The investigators found that the prognosis of patients with high levels of lactylation was much worse than those with lower levels by about 20% at 8 years follow-up (109). A reciprocal relationship was observed between downregulation of normal liver processes and upregulation of oncogenic signaling. Tumor aggressiveness was directly related to the degree of oncogenic skewing of the lactylome (109). Glutamine metabolism was increased as a result of the lactylation of the β-catenin pathway and glycolysis metabolism was increased as a result of the lactylation of the glycolytic pathway.

Branched chain amino acid (valine, leucine, isoleucine, and BCAA) metabolism was also boosted in HCC (109). Via ACAT1 BCAA are an alternative source of acetyl-CoA two carbon skeleton supply for the citric acid supply and also a source for glutamine synthesis. In mouse models of HCC, higher levels of BCAA were correlated with lower survival. ACAT1 was identified in the Schrott epigenomic cannabis screen by two DMRs (86).

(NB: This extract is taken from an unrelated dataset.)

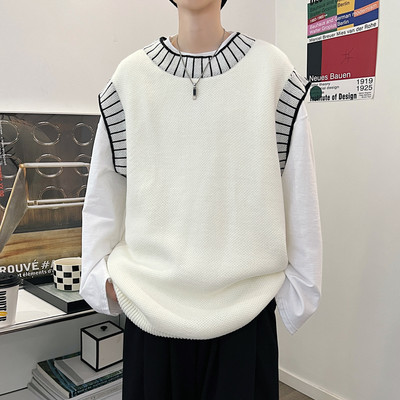 Dviejų spalvų laisvalaikio vyriška liemenė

Adenylate kinase (AK2) was studied in detail. Heavy lactylation of AK2 was found to be an adverse prognostic factor in terms of survival and hepatic vein thrombosis. The P53 was downregulated in these tumors, partly explaining the poorer prognosis. AK2 also impacted the apoptotic pathway by inhibiting caspase 9 (a final executioner caspase in the cascade) and thereby conferring an anti-apoptotic protection on tumor cells (109). Lactylation of AK2 at K28 in the enzyme active site abolished enzymic activity. Tumors manifesting AK2 K28Kla had increased proliferation, DNA replication, and nucleotide excision repair (a low fidelity DNA repair pathway). AK2 K28Kla was found to drive cell proliferation and cell migration in various HCC cancer cell lines (109).

For these reasons, protein lactylation was shown to be a key posttranslational modification that transduced HCC metabolism into tumor cell behavior and subsequent adverse patient outcomes.

3. Immunome

The immunome may be defined as the set of peptides, proteins, receptors, signaling systems, genes, and cells that together comprise the innate and adaptive immune systems (112, 113). Immune processes are highly relevant in many ways as the strongly oxidizing environment of immune and inflammatory processes can induce DNA breaks. So important is immune activity that chronic immune stimulation is now described as one of the pillars of aging (114) and the immunome has now had its own biological clock developed with which to measure organismal biological age (115). Interestingly, most of the predictive power of this clock is related to CXCL9 (115). Chief among the immune pathways is the recently described innate cytosolic nucleic acid sensing and signaling pathway cGAS-STING.

3.1. cGAS-STING

3.1.1. Basic function

cGAS-STING is a powerful cytosolic sensor of double stranded DNA (dsDNA) which has been recently described and is of broad relevance to cancer, aging, and genomic stability (116). cGAS also senses R-loops (117–121). Once cGAS binds to dsDNA, its endoplasmic reticulum-bound binding partner STING stimulates a type I interferon response (122). Oligomerization of cGAS, formation of long DNA-protein ladders, and phase separation (in a gel) lead to STING oligomerization and an augmented STING response (122–124). cGAS is activated by DNA in a length-dependent manner and is more powerfully stimulated by longer DNA segments (125). Termination of the cGAS-STING signal occurs by clathrin-associated AP-1 (126). The electron microscopic structure of cGAS-STING has been determined (122, 127–129).

3.1.2. Roles in disease

In addition to innate immunity, cGAS-STING also drives autophagy, cell survival, infection, inflammation, cancer, and senescence pathways (123). cGAS can transfer between cells and activate STING nearby in paracrine fashion (123). cGAS-STING drives aging, senescence, anti-tumor immunity, autoimmune disease, and acute and chronic heart failure inflammatory disorders such as pancreatitis, macular degeneration, alcoholic hepatitis, cancer, metastasis, myocardial infarction, sepsis, systemic lupus erythematosus, and Parkinson's disease (116, 130).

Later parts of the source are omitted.